▸ EXERCISE PROMPT
Take the data below and copy exactly the lines starting at the one with "数量限定】家庭用 完熟マンゴー（約1.5Kg）沖縄県産：沖縄県産の" and finishing at the one with "life cycle of the European common frog", both included.

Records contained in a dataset
Segment Open

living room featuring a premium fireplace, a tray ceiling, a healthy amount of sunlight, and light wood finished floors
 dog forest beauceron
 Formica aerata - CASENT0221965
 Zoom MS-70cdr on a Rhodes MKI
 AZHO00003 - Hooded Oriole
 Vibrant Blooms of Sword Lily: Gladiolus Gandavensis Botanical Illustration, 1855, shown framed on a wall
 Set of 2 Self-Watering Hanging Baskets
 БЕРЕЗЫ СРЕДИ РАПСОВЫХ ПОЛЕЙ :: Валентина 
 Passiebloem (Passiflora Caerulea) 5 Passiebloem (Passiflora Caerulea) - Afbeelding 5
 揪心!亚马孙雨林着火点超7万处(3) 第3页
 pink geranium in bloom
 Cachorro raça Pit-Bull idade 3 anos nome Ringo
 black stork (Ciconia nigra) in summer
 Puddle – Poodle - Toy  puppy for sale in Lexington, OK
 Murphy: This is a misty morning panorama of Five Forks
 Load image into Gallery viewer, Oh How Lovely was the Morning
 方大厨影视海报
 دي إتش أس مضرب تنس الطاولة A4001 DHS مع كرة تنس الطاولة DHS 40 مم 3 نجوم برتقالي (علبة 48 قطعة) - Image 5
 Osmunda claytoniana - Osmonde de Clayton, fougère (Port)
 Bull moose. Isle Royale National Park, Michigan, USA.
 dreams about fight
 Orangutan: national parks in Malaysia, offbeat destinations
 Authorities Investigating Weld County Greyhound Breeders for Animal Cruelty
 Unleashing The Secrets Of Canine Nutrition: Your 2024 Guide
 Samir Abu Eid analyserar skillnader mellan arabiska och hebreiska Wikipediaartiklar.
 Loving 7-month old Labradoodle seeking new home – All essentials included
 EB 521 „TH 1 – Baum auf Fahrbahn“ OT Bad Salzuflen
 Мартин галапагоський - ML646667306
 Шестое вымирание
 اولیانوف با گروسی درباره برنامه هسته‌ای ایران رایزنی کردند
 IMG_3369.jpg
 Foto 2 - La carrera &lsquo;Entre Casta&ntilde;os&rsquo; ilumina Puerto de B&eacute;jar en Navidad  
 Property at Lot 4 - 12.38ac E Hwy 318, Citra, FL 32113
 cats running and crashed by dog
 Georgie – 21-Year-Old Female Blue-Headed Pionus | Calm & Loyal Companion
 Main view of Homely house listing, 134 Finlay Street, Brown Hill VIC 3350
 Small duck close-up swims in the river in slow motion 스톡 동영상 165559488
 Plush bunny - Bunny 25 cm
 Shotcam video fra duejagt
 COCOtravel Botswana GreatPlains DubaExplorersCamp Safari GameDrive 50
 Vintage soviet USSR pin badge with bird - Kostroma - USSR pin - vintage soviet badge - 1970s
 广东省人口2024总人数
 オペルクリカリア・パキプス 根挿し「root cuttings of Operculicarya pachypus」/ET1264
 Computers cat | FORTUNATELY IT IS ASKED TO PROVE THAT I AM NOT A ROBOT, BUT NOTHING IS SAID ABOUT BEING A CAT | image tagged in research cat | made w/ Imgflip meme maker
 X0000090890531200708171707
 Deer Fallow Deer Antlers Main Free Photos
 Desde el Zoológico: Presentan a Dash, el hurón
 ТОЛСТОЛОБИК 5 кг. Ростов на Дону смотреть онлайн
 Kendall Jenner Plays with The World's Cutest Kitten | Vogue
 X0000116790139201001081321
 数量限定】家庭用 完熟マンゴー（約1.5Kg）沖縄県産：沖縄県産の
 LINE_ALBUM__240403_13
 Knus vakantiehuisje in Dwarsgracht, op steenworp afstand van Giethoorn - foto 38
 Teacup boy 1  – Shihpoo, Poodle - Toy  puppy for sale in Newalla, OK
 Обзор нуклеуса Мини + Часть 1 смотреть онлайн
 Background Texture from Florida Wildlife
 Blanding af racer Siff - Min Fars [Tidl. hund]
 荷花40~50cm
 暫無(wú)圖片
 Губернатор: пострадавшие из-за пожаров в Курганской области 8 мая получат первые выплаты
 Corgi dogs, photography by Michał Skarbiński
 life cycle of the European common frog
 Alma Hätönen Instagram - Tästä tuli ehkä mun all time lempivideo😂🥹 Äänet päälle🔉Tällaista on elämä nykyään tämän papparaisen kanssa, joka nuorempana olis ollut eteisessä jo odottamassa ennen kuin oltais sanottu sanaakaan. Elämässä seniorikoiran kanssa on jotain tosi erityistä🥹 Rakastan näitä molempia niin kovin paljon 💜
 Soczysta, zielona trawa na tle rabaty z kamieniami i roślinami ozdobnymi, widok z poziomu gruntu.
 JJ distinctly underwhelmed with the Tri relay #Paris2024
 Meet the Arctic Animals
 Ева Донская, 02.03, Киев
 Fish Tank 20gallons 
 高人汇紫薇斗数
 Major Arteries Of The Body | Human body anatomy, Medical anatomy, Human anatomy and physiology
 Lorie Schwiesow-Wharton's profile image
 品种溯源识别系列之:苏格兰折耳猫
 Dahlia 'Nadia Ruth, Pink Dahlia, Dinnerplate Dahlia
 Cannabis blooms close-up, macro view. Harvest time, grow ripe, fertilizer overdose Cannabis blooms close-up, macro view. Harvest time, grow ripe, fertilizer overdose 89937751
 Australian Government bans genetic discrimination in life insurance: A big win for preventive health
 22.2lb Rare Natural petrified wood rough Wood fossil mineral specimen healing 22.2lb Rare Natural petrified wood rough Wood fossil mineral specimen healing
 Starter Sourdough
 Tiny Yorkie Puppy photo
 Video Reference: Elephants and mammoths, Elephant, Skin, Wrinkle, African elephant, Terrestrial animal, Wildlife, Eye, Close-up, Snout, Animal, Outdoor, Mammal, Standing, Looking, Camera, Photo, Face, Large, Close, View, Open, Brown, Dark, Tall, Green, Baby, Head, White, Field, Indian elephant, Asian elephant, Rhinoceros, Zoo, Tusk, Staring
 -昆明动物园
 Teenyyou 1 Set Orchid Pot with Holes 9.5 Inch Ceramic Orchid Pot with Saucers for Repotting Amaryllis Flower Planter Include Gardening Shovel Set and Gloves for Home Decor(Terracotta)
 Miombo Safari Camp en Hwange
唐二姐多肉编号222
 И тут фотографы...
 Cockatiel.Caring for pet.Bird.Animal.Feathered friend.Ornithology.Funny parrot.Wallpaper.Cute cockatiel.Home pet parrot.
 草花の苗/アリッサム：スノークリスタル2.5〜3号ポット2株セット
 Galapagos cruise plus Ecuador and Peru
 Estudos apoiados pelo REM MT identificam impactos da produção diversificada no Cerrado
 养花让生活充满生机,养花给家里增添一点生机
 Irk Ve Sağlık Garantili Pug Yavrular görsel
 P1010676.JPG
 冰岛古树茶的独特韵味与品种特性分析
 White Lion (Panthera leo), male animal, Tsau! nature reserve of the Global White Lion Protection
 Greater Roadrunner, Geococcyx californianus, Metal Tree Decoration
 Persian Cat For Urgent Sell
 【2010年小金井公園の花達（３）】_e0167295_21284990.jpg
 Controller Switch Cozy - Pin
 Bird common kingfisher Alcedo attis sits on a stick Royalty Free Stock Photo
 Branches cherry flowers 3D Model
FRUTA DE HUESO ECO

Segment Closed

▸ RESULT BELOW
 数量限定】家庭用 完熟マンゴー（約1.5Kg）沖縄県産：沖縄県産の
 LINE_ALBUM__240403_13
 Knus vakantiehuisje in Dwarsgracht, op steenworp afstand van Giethoorn - foto 38
 Teacup boy 1  – Shihpoo, Poodle - Toy  puppy for sale in Newalla, OK
 Обзор нуклеуса Мини + Часть 1 смотреть онлайн
 Background Texture from Florida Wildlife
 Blanding af racer Siff - Min Fars [Tidl. hund]
 荷花40~50cm
 暫無(wú)圖片
 Губернатор: пострадавшие из-за пожаров в Курганской области 8 мая получат первые выплаты
 Corgi dogs, photography by Michał Skarbiński
 life cycle of the European common frog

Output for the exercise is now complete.